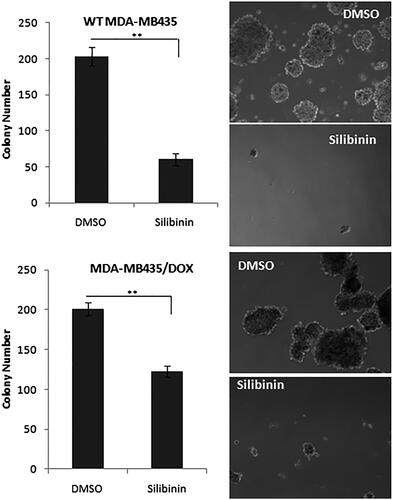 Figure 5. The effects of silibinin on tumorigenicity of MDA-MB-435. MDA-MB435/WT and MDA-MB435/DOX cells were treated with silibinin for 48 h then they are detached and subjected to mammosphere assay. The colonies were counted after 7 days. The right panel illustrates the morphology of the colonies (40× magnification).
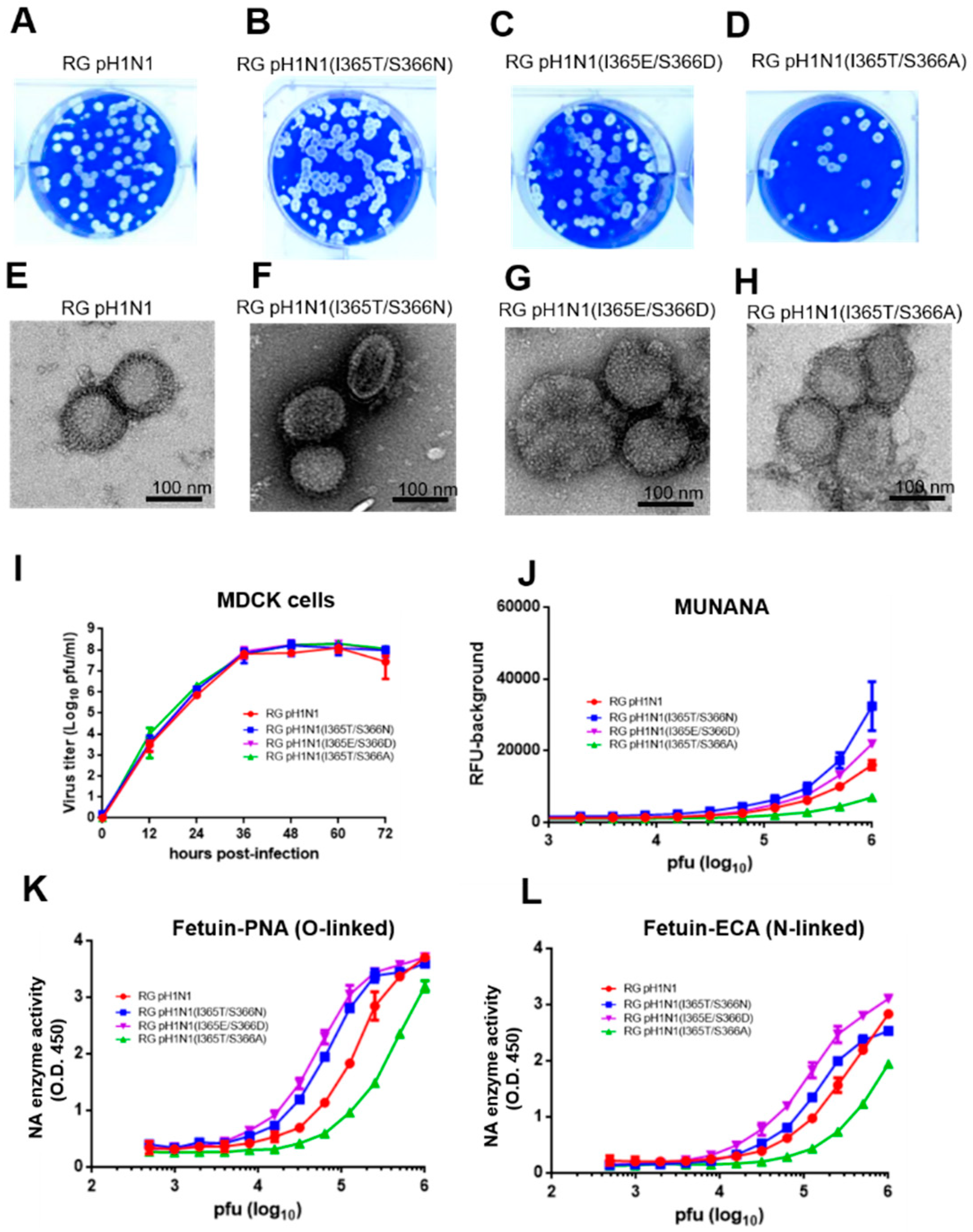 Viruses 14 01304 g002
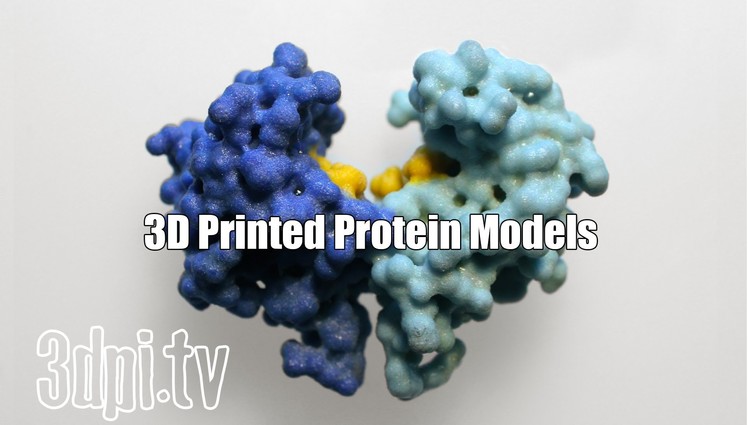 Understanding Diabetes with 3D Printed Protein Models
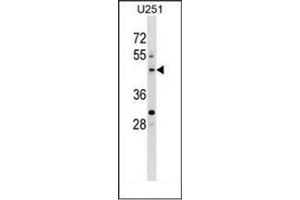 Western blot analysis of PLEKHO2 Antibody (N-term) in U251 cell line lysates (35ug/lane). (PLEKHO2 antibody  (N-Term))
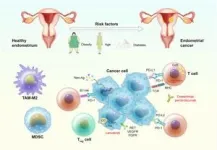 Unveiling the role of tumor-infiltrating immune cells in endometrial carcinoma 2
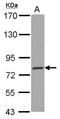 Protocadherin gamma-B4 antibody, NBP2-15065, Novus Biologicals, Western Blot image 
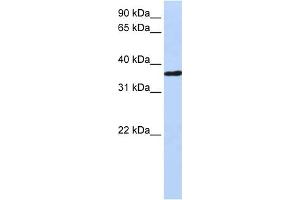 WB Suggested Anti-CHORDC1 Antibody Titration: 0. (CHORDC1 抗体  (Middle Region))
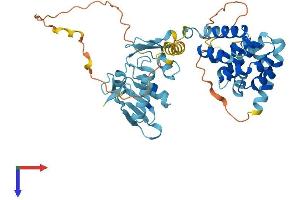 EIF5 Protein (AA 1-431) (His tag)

····················

What is required: Using the data above, give again exactly the lines starting at the one holding "Understanding Diabetes with" and ending at the one holding "WB Suggested Anti-CHORDC1", inclusive, and nothing more. Omit the pictures.

Task solution:
 Understanding Diabetes with 3D Printed Protein Models
 Western blot analysis of PLEKHO2 Antibody (N-term) in U251 cell line lysates (35ug/lane). (PLEKHO2 antibody  (N-Term))
 Unveiling the role of tumor-infiltrating immune cells in endometrial carcinoma 2
 Protocadherin gamma-B4 antibody, NBP2-15065, Novus Biologicals, Western Blot image 
 WB Suggested Anti-CHORDC1 Antibody Titration: 0. (CHORDC1 抗体  (Middle Region))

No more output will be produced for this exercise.